Idea: Make my movie obsolete
Ms. Jackson writes: In 2008 I made a documentary film. The world would be a better place if in 2011 that film became totally irrelevant. The film is called "The Greatest Silence: Rape in the Congo," and it describes in harrowing detail the plight of women and girls in that conflict-ravaged country. Eastern Congo is a living hell where it is more dangerous to be a woman than a soldier. It is a place where a battle for resources has killed more than 5.4 million people and where rape and sexual violence are the weapons of choice.
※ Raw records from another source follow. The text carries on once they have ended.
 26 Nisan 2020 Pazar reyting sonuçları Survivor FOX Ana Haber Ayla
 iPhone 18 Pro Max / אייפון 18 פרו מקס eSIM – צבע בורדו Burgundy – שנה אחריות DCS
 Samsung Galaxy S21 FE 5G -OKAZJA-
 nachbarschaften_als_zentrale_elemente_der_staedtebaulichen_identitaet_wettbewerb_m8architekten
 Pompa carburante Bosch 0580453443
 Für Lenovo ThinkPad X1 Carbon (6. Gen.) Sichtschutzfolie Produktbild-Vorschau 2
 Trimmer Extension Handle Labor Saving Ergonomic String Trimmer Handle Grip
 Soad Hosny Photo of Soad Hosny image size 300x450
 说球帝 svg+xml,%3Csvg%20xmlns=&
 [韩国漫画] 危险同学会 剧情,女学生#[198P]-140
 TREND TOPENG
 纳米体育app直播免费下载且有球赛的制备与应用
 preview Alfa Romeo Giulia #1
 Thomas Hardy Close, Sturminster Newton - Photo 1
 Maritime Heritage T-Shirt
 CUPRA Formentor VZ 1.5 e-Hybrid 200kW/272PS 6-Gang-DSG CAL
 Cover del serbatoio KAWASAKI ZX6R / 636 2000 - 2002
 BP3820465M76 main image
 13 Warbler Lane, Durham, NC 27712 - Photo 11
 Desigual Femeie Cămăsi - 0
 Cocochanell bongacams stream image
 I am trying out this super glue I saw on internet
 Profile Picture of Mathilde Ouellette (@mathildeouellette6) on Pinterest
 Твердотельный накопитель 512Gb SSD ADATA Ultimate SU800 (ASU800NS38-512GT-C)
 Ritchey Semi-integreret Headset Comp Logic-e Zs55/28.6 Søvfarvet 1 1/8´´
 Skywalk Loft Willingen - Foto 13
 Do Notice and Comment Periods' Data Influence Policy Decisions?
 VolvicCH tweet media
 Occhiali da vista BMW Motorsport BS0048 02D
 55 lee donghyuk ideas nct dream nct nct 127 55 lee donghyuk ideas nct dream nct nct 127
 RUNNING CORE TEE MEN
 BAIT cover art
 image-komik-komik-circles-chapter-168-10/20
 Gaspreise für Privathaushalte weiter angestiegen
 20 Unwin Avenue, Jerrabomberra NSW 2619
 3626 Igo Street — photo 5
Millions of people have seen my film, and as a result many thousands more have picketed, protested, and prayed that our leaders would make an effort toward ending that war, ending the deliberate destruction of women's bodies and ending the impunity that allows rapists to ravage at will.
In 2011, if resolving the conflict in the Congo is made a foreign-policy priority, if "The Greatest Silence" is reclassified as "history" instead of "current events" and the horrors it contains are seen as a record of what once had been instead of what is still happening, the world would be a far, far better place.